Preclinical evidence of sonodynamic therapy in glioblastoma and challenges towards clinical translation: a review of the literature

A new way to attack stubborn brain tumors

Glioblastoma is one of the deadliest brain cancers, and current treatments often buy patients only a little extra time. This article explores sonodynamic therapy, a noninvasive strategy that uses sound waves plus a drug that collects in tumor cells to damage cancer from within. For readers, it offers a look at how physics, chemistry, and medicine might join forces to tackle tumors that surgery, radiation, and chemotherapy still struggle to control.
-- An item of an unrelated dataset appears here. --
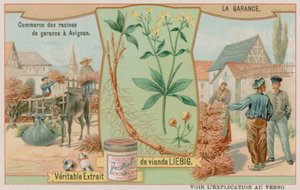 Madder ou Rubia e a Venda da Raiz de European School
How sound and a smart drug team up

Sonodynamic therapy pairs focused ultrasound with a chemical known as a sonosensitizer. On its own, the drug is given at doses that are considered safe, and the ultrasound levels are also below those used to heat or burn tissue. The key is that the drug tends to build up more in tumor cells than in healthy brain, thanks to the leaky blood vessels and altered metabolism of cancer. When ultrasound is applied to the tumor region, it energizes the drug in the presence of oxygen, sparking the formation of short‑lived, highly reactive molecules that damage cell membranes, proteins, and DNA right where the drug has collected.

What happens inside targeted cancer cells

Once these reactive molecules are formed, they set off several kinds of cell death. Mitochondria, the cell’s power stations, can be injured so badly that they trigger programmed self‑destruction pathways, a neat and tidy form of death called apoptosis. If the damage is more severe, cells can swell and burst in an uncontrolled way, known as necrosis, which spills their contents into the surrounding tissue. This messy death can attract immune cells and may help the body recognize the tumor as a threat. Early work also suggests that sonodynamic therapy can stir up other regulated death routes and stress responses, hinting that its biological effects extend well beyond a simple “on–off” kill switch.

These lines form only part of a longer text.